The copy has to match the records word for word and include no pictures.
** DATA follows **
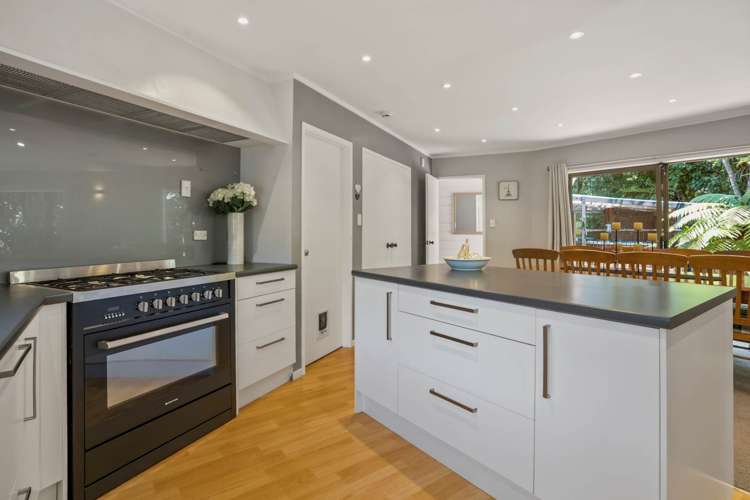 9 Awaruku Road Torbay_12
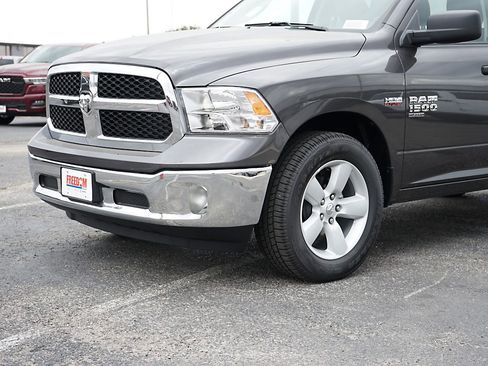 New 2024 RAM 1500 Tradesman w/ Tradesman SXT Package image 38
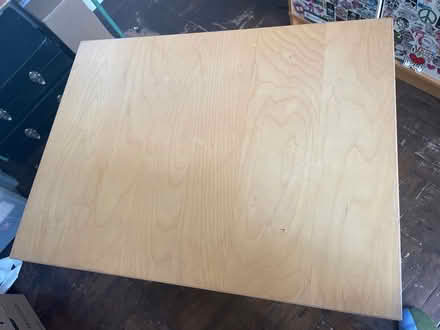 Photo of free Small desk (Crouch End N8) #2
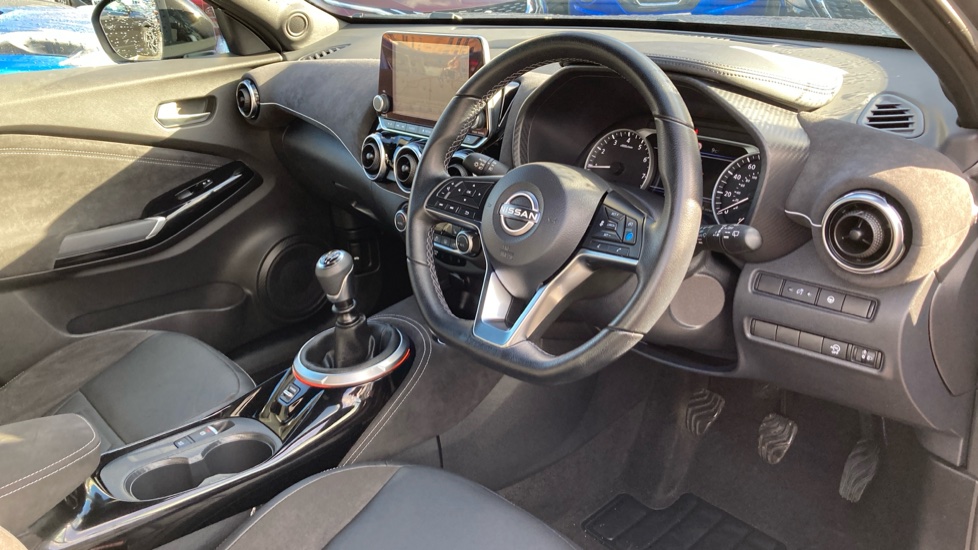 Nissan Juke 1.0 DiG-T 114 Tekna+ 5dr Petrol Hatchback - Image 11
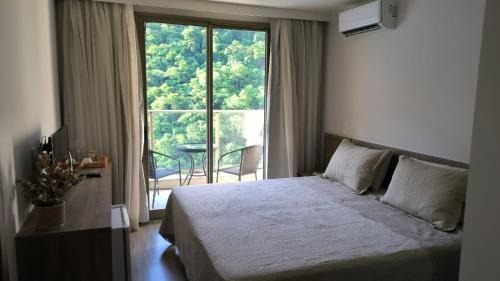 Apartment with Mountain View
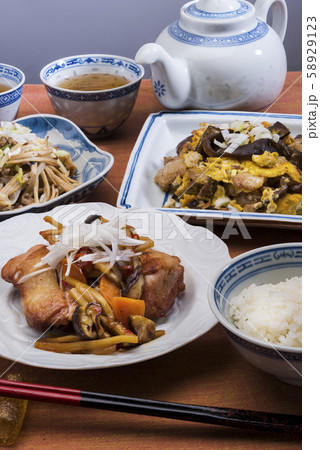 中華の食卓 58929123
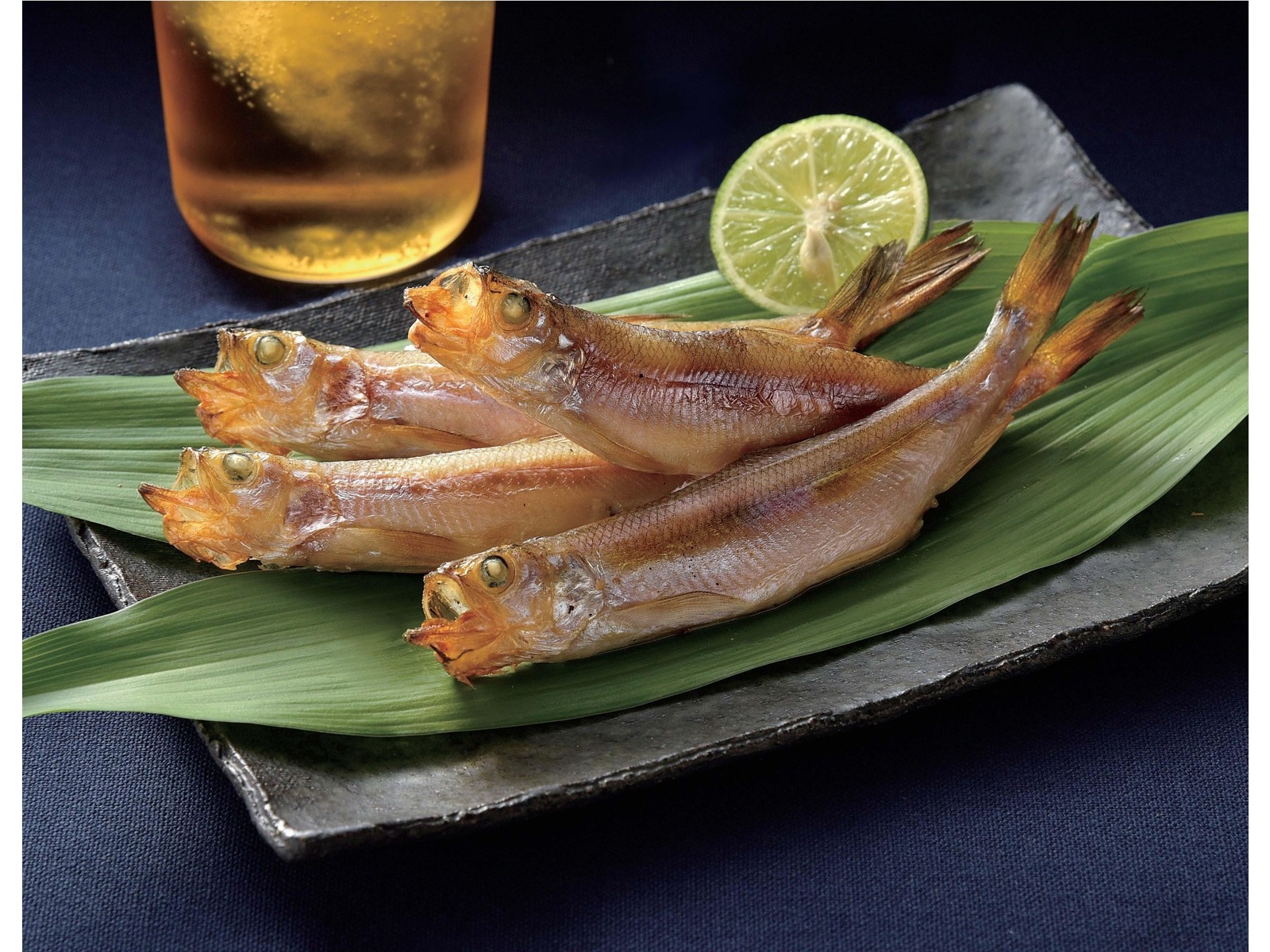 ししゃももページ 丸弘水産 北海道産本ししゃも(メス) 4尾入（60g）| コープこうべ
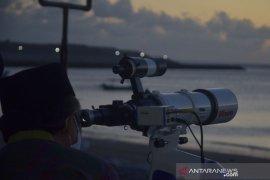 Hilal tak terlihat di Bali karena tertutup awan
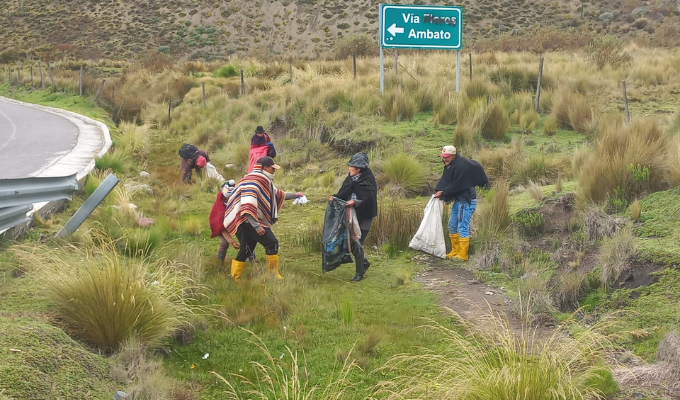 Comunidad La Esperanza se une para limpiar el páramo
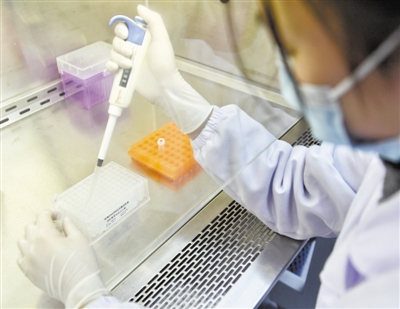 　　近日，成都新百基生物科技有限公司技术人员在对病毒核酸提取试剂盒进行质量检测。新华社记者 刘坤 摄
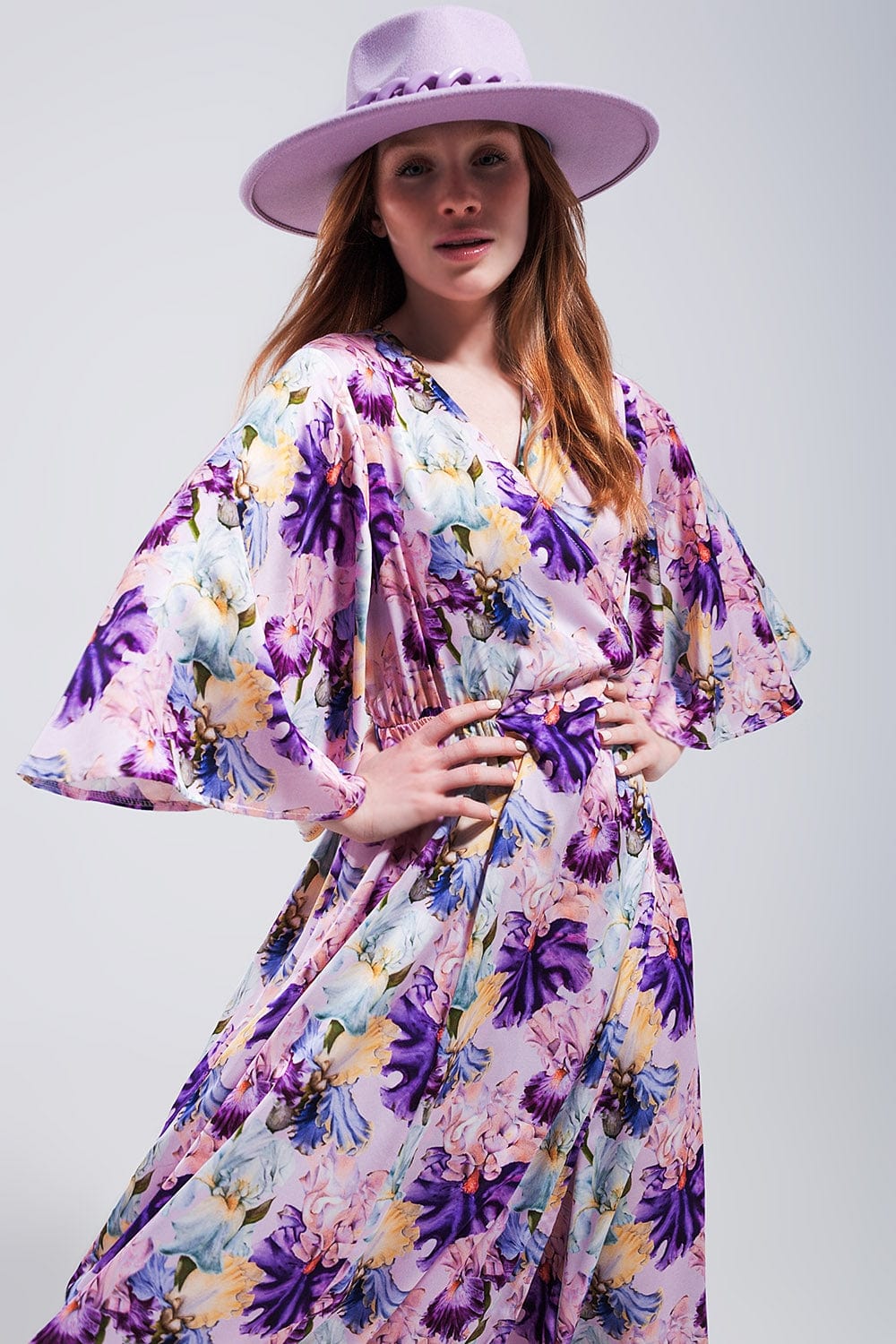 Q2 Women's Dress Flutter Sleeve Maxi Dress in Purple Floral Print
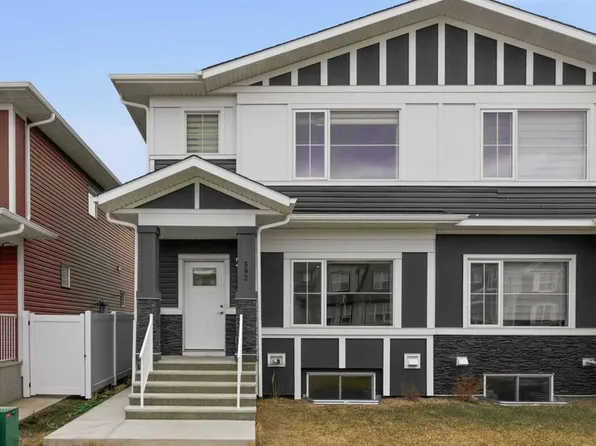592 E Dawson Dr, Chestermere, AB T1X 2X1
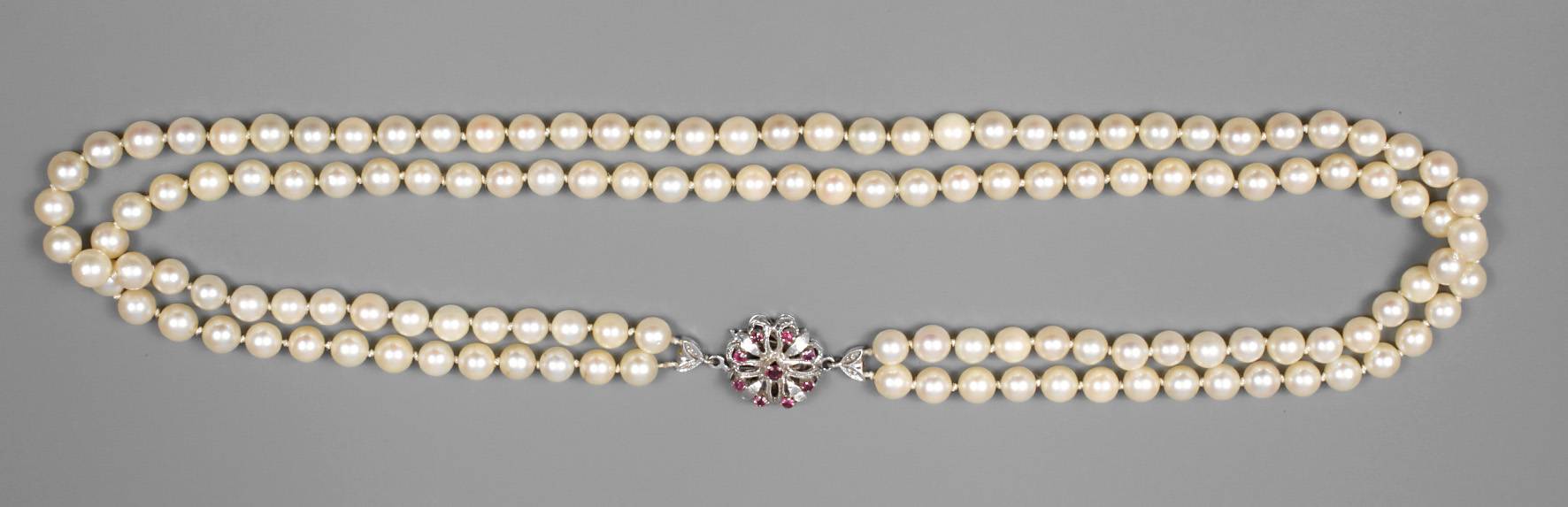 Zweireihiges Perlencollier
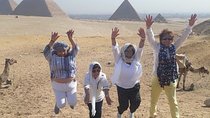 Private Day Tour to Giza and Saqqara with Guide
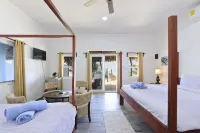 Parrot Cove Lodge - bar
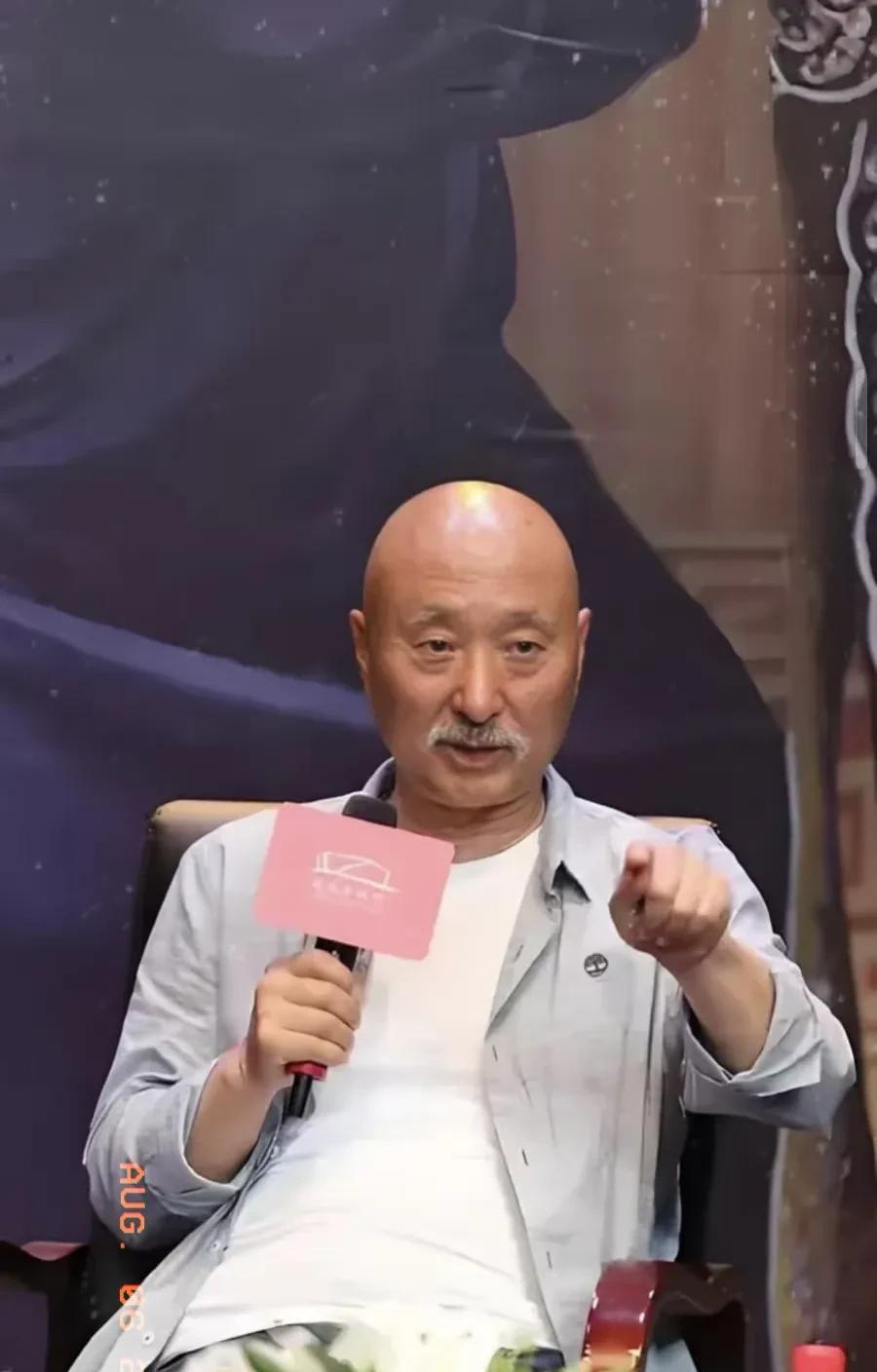 易立竞这提问啊，总是直戳戳的，那天她问陈佩斯：“刀郎为啥不上春晚啊？”陈佩斯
** End of DATA **
OUTPUT FOR THIS EXERCISE:
 9 Awaruku Road Torbay_12
 New 2024 RAM 1500 Tradesman w/ Tradesman SXT Package image 38
 Photo of free Small desk (Crouch End N8) #2
 Nissan Juke 1.0 DiG-T 114 Tekna+ 5dr Petrol Hatchback - Image 11
 Apartment with Mountain View
 中華の食卓 58929123
 ししゃももページ 丸弘水産 北海道産本ししゃも(メス) 4尾入（60g）| コープこうべ
 Hilal tak terlihat di Bali karena tertutup awan
 Comunidad La Esperanza se une para limpiar el páramo
 　　近日，成都新百基生物科技有限公司技术人员在对病毒核酸提取试剂盒进行质量检测。新华社记者 刘坤 摄
 Q2 Women's Dress Flutter Sleeve Maxi Dress in Purple Floral Print
592 E Dawson Dr, Chestermere, AB T1X 2X1
 Zweireihiges Perlencollier
 Private Day Tour to Giza and Saqqara with Guide
 Parrot Cove Lodge - bar
 易立竞这提问啊，总是直戳戳的，那天她问陈佩斯：“刀郎为啥不上春晚啊？”陈佩斯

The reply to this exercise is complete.